The potential offer is still far lower than the $19 the stock went for in July 2005 when word surfaced that Saks Fifth Avenue might be a target in the M&A boom. Saks at the time was in the midst of the sale of its two department store divisions. It became a takeover target again in 2008 when Icelandic group Baugur took an interest in the company.
Any attempt to buy Saks would have to take into account the world’s richest man, Mexican telecommunications billionaire Carlos Slim Helú, who controls 25.6 million shares of the firm, or 16.1 percent of those outstanding, as well as Diego Della Valle, chairman and chief executive officer of Italy’s Tod’s SpA. Della Valle holds 15 million shares, or a 9.4 percent stake, via his personal investment vehicle Diego Della Valle & C. S.A.P.A.
“Anything’s possible, but it seems like a very high price,” said Laurence C. Leeds Jr., chairman of investment firm Buckingham Capital Management.
That doesn’t mean other fashion firms aren’t ripe to be taken private. “Often the balance sheets have lots of cash and the businesses are performing well and they lend themselves to leveraged buyouts,” Leeds said. “The numbers work very well” in those cases.
American Eagle Outfitters Inc. is just one example of a retailer that is seen as a potential takeover target by analysts.
How much M&A activity the fashion world ultimately sees will depend largely on how bullish private equity firms feel about the sector.
“They’ve got the cash, they need to spend it, but with the consumer being a lot more lethargic, they’re going to be a lot more cautious,” said Antony Karabus, founder and chief executive officer of Karabus Management. “I think that private equity is going to take a step back.”
While Saks’ stock soared, the rest of the retail world limped along.
The S&P Retail Index dipped 0.08 points to 396.74 Tuesday, logging a 2.1 percent drop for August. The Dow Jones Industrial Average traded briefly below 10,000, but blue chip stocks ended the day with a 4.99-point gain to 10,014.72, which translated into a 4.3 percent drop for the month.

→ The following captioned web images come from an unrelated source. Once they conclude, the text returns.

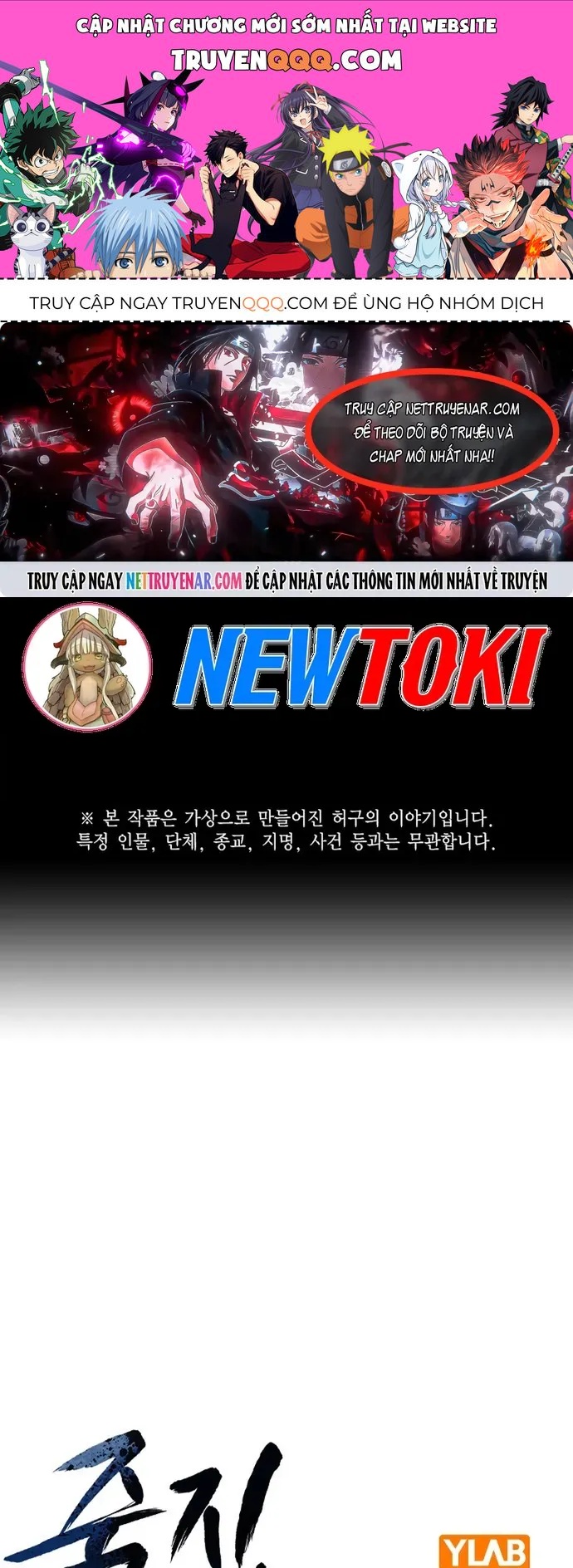 Để Có Thể Sống Sót Chapter 210 - 1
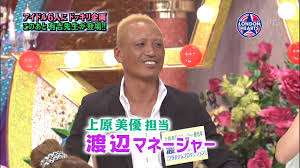 手島優の変貌ぶりにネット騒然「もはや放送事故!?」
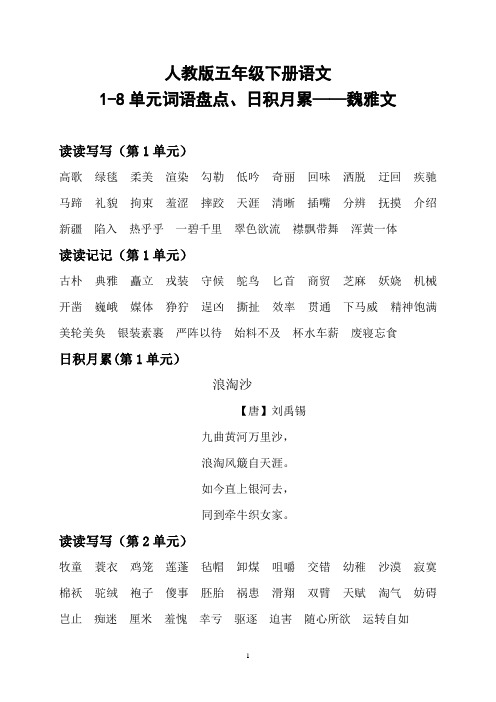 人教版五年级下册语文1-8单元词语盘点、日积月累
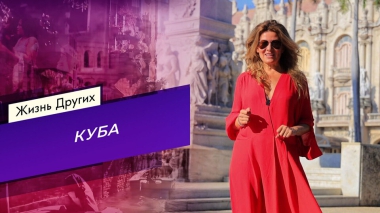 Куба. Жизнь других. Выпуск от 02.11.2025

Consumers were a little more upbeat in August but just barely. The Conference Board’s Consumer Confidence Index rose to 53.5 from 51 in July.
The Expectations Index increased to 72.5 from 67.5, while the other half of the measure of consumer well-being, the Present Situations Index, dipped slightly to 24.9 from 26.4 in July.
Lynn Franco, director of The Conference Board’s Consumer Confidence Research Center, said the modest gain was the result of an “improvement in consumers’ short-term outlook,” adding they “remain apprehensive about the future.”
Overall, consumers are about as confident as they were a year ago, when the Index was at 54.5.